▶ Problem to work on: Output every line below exactly, please, omitting pictures.

▶ Dataset content:
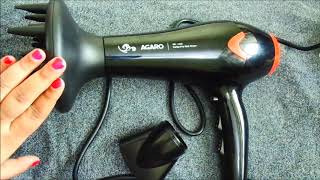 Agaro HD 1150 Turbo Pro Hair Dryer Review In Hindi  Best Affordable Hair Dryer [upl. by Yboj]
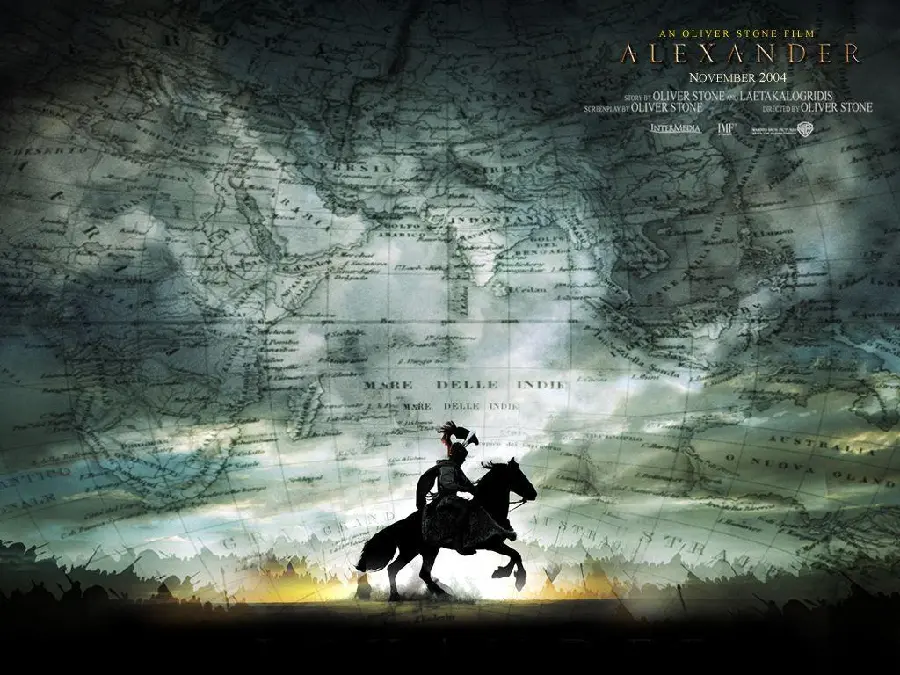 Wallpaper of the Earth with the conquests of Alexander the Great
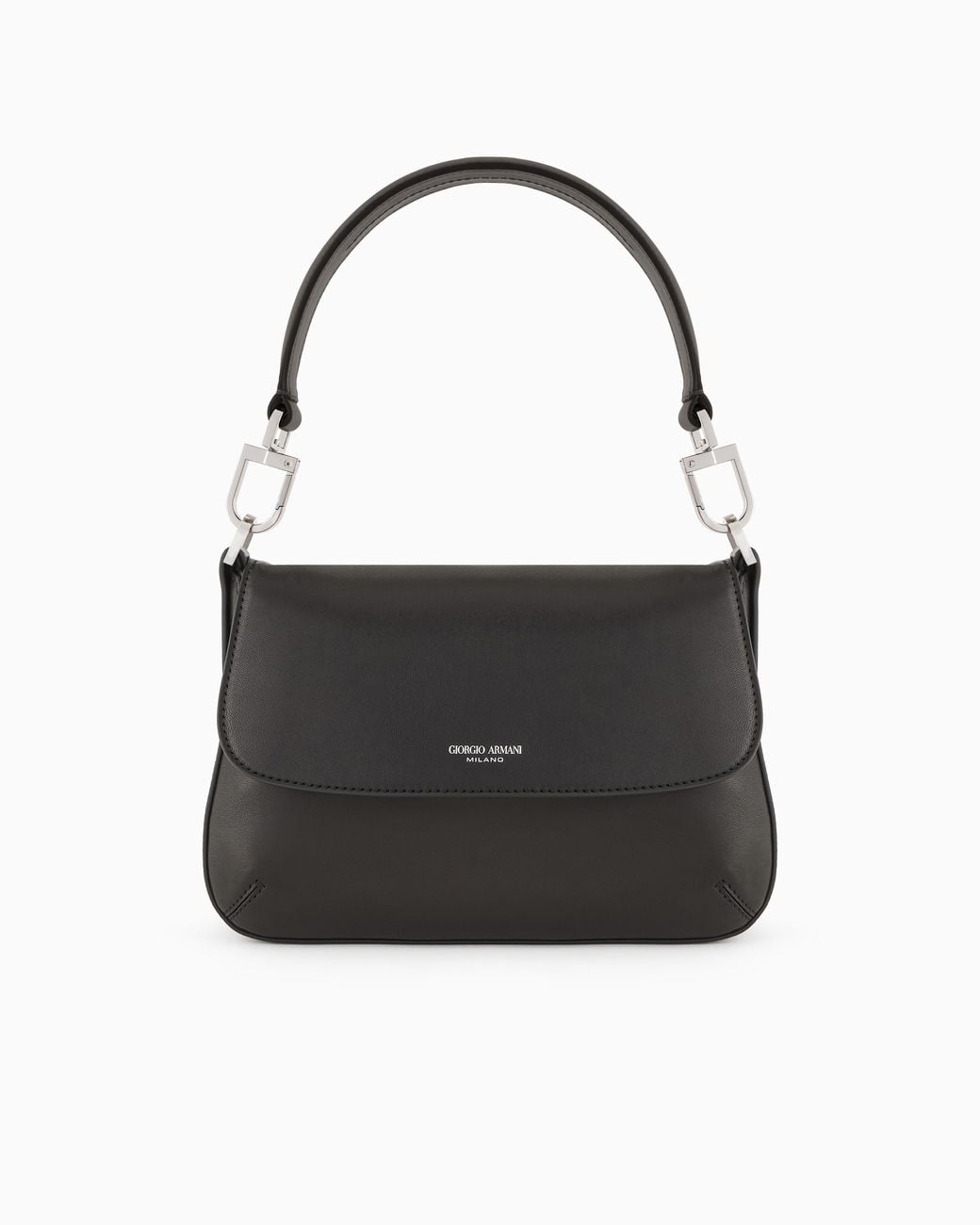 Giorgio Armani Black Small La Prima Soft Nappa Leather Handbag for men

▶ Exercise answer:
 Agaro HD 1150 Turbo Pro Hair Dryer Review In Hindi  Best Affordable Hair Dryer [upl. by Yboj]
 Wallpaper of the Earth with the conquests of Alexander the Great
 Giorgio Armani Black Small La Prima Soft Nappa Leather Handbag for men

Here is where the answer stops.